Still, even though the MCO should leave the exports sector largely untouched, wouldn’t it have impacted private consumption and investment because of confidence hit? That’s what we thought.
As it turns out, while the negative impact is there, the degree has been less than anticipated. Household consumption grew by -1.5% yoy in Q1, compared to -3.5% in Q4 2020 (and a much heftier -18.5% yoy in Q2 2020 during the first MCO).
Hence while, consumption did weigh on overall GDP growth, subtracting 0.87ppt from the headline, the outturn is better than the 2ppt that it shaved off from the headline GDP growth rate in Q4.
A relatively better employment condition helped spending during the period. For one, even though the unemployment rate did pick up to 4.9% in Jan 2021, from 4.8% the month before due to MCO, it has since declined to 4.7% in March.
Again, compared to the shock effect back in Q2 last year, whereby the joblessness rate picked up to 5.3%, employment is on the steadier ground now, not least because economic activities remain open.

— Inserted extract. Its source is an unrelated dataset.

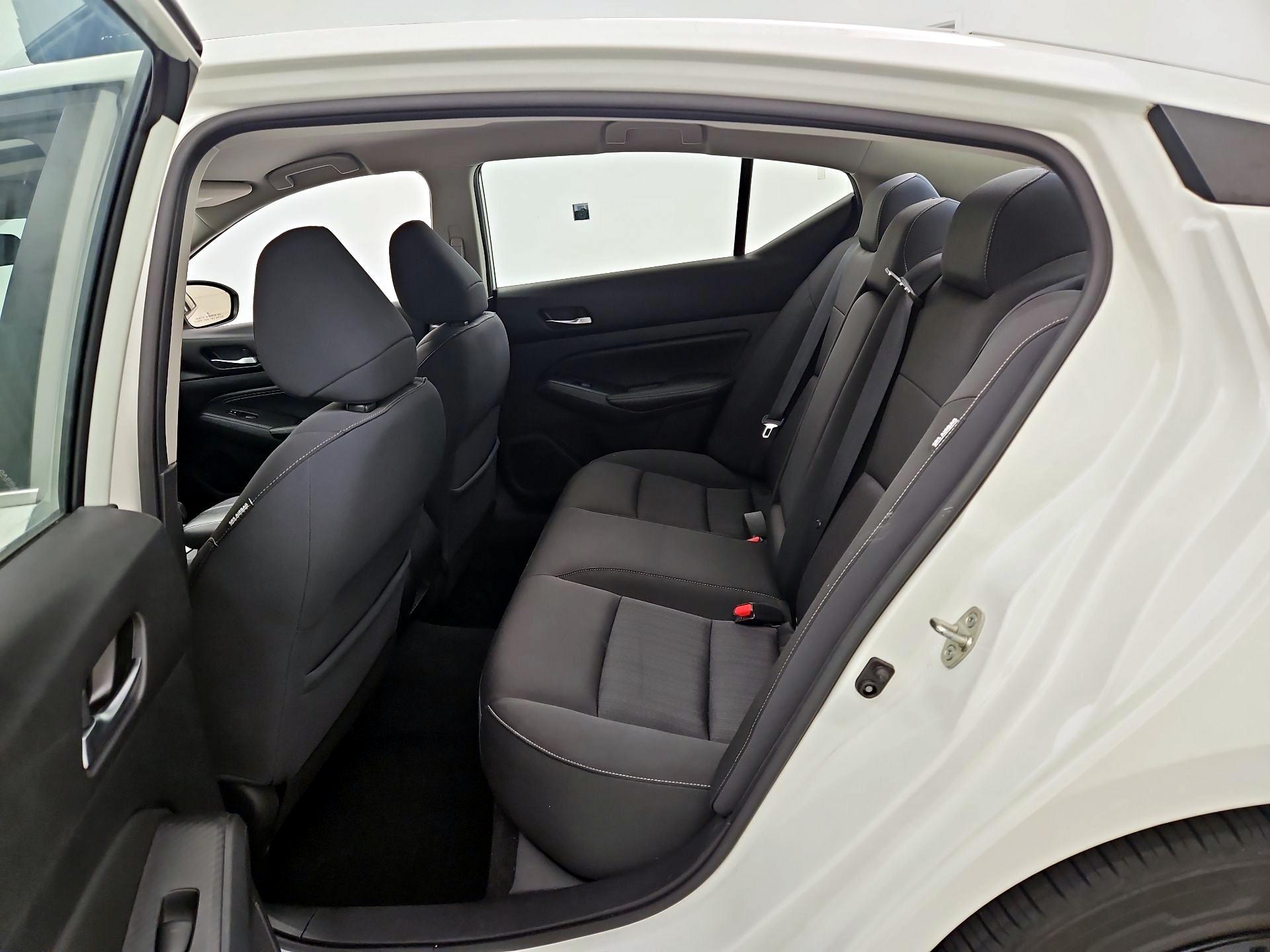 Thumbnail: 2020 Nissan Altima - 19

Hence, as we try to surmise what the impact of the latest MCO announcement will be on Q2 growth, it is encouraging to note that Q1 was not as badly hit as we had thought. Indeed, for Q2, the base effect will help a lot as well.
Hence, taking the view that the new MCO will not impact exports activities much and would only have a more curtailed effect on private consumption, we think that growth may come in at 19.0% yoy in Q2. Together with the relative uptick in Q1’s print, it would thus take our full-year forecast to 6.0% from 5.4% previously.
The Show Must Go On
Where are the danger zones to the economy? They are aplenty, to be sure, but the ongoing virus resurgence will remain front-and-centre of our risk factors.

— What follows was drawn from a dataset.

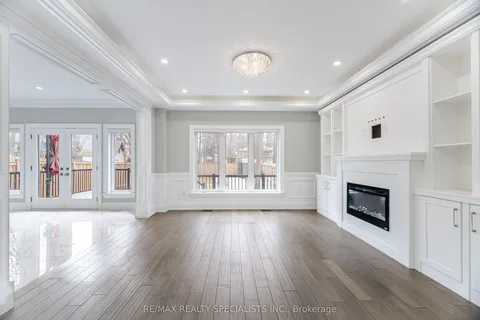 85 Oakridge Drive, Toronto, ON M1M 2A6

For one, there remains an uncomfortable probability, however small at this point, that the MCO might just be extended to cover at least some economic activities due to any hypothetical upsurge in industrial zones or commercial areas. That risk may be especially pronounced since Malaysia’s vaccination drive has not picked up enough speed at a time when its inoculation rate remains behind its peers such as Singapore and Indonesia.
Given the tricky nature of the current pandemic wave, with its potentially higher transmissibility, that scenario cannot be discounted altogether – and would present a heavy double whammy on growth. Not only could exports be curtailed because of enforced factory shutdowns, but its resultant hit on the employment outlook would put a dent on consumer confidence as well.
Even as we should continue to stay wide-eyed about such downside risks, we should also acknowledge the reality that the Malaysian economy has adapted quite considerably to the challenges posed by the pandemic and restriction orders.
Hence, overall, from the monetary policy perspective, we think there is an even higher chance now that Bank Negara would continue to adopt a waitand-see stance and leave its OPR unchanged at 1.75% for the rest of the year.